TASK DIRECTIONS: Only the pictures should be dropped; every line of the data must come back exactly as written.

Source data:
──────────

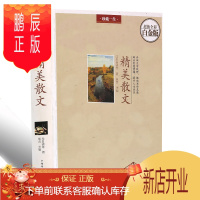 鹏辰正版精美散文随笔经典名家散文集 贾平凹鲁迅冰心散文作品精选现当代文艺文学散文 正版书籍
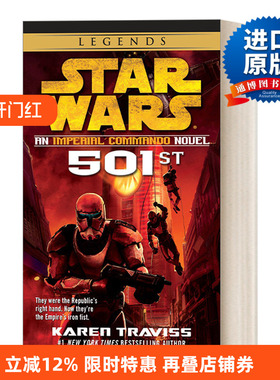英文原版 Star Wars An Imperial Commando Novel  501st 星球大战 帝国突击队员传奇 科幻小说 Karen Traviss 英文版 进口书籍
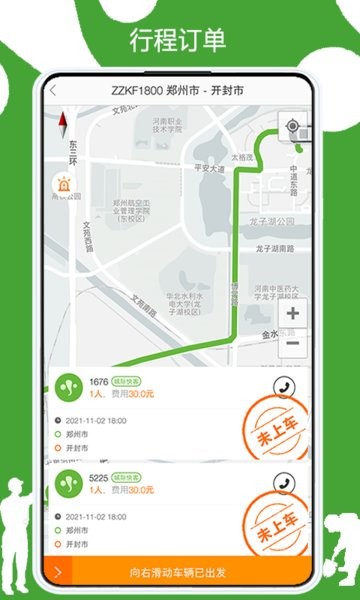 有象工友app截图2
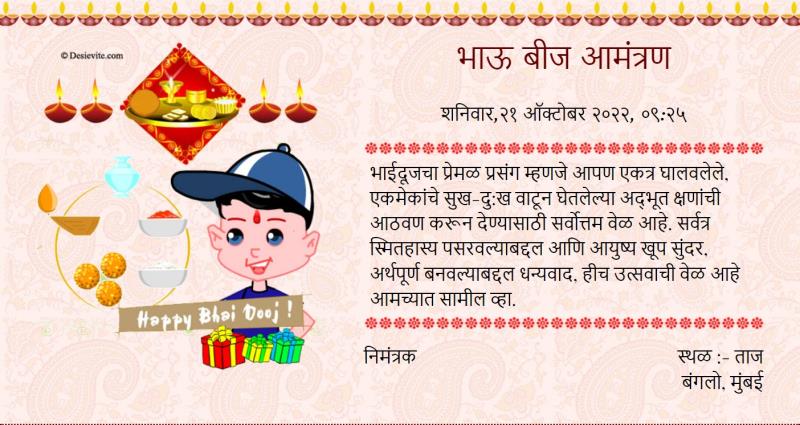 Marathi Bhai Dooj Invitation Card 125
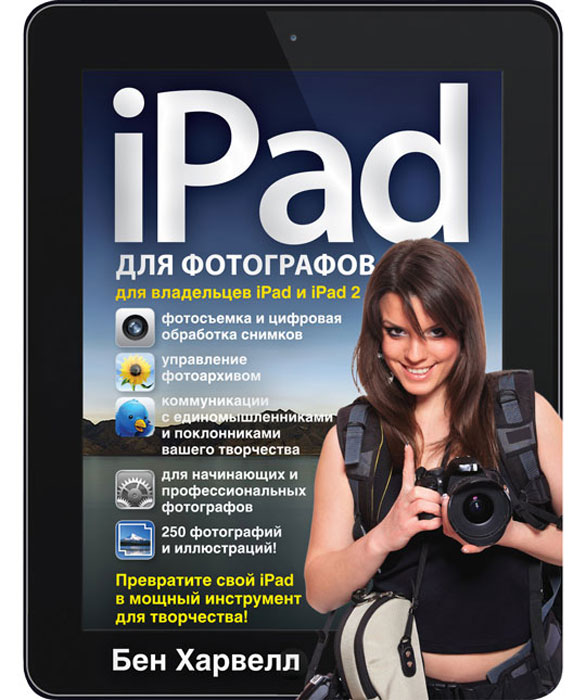 iPad для фотографов. Превратите свой iPad в мощный инструмент для творчества!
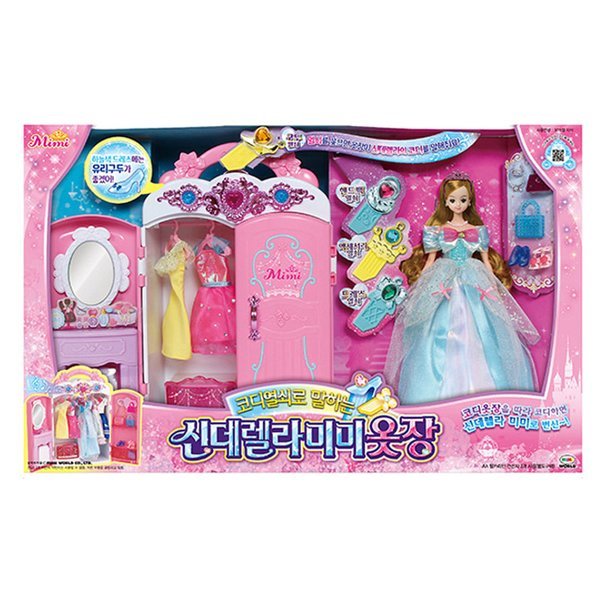 ミミワールド コーディネート鍵で語る シンデレラ ミミタンス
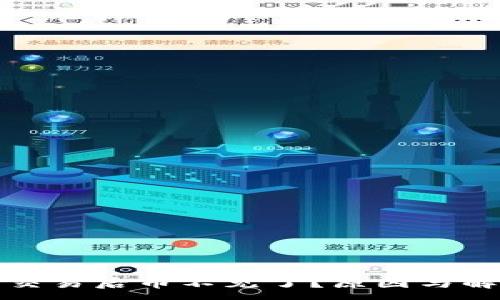 :
TP钱包大笔交易后币不见了？原因与解决方案详解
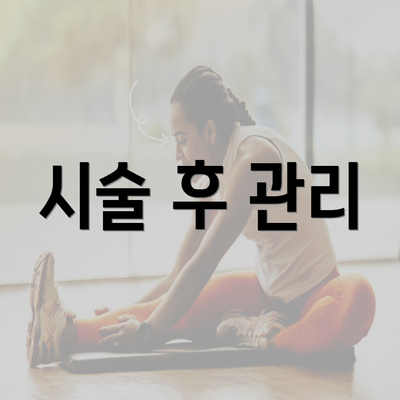 시술 후 관리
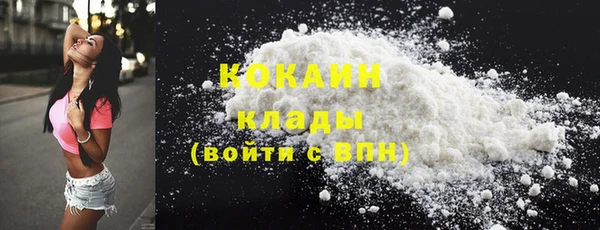 метамфетамин Белоозёрский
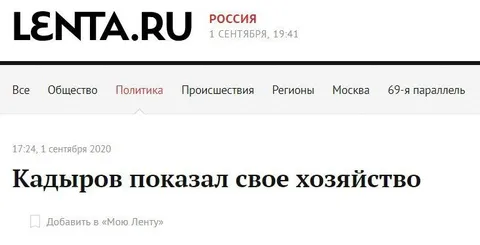 Кадыров показал свое хозяйство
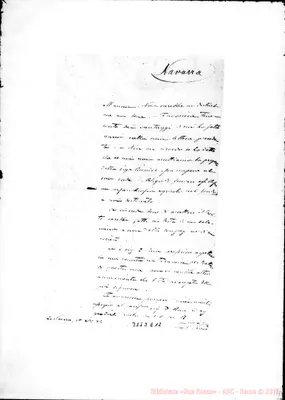 Fotogramma E 12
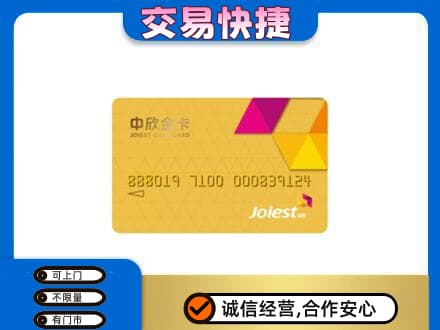 嘉兴回收中欣金卡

──────────

EXERCISE RESULT:
 鹏辰正版精美散文随笔经典名家散文集 贾平凹鲁迅冰心散文作品精选现当代文艺文学散文 正版书籍
英文原版 Star Wars An Imperial Commando Novel  501st 星球大战 帝国突击队员传奇 科幻小说 Karen Traviss 英文版 进口书籍
 有象工友app截图2
 Marathi Bhai Dooj Invitation Card 125
 iPad для фотографов. Превратите свой iPad в мощный инструмент для творчества!
 ミミワールド コーディネート鍵で語る シンデレラ ミミタンス
 :
TP钱包大笔交易后币不见了？原因与解决方案详解
 시술 후 관리
 метамфетамин Белоозёрский
 Кадыров показал свое хозяйство
 Fotogramma E 12
 嘉兴回收中欣金卡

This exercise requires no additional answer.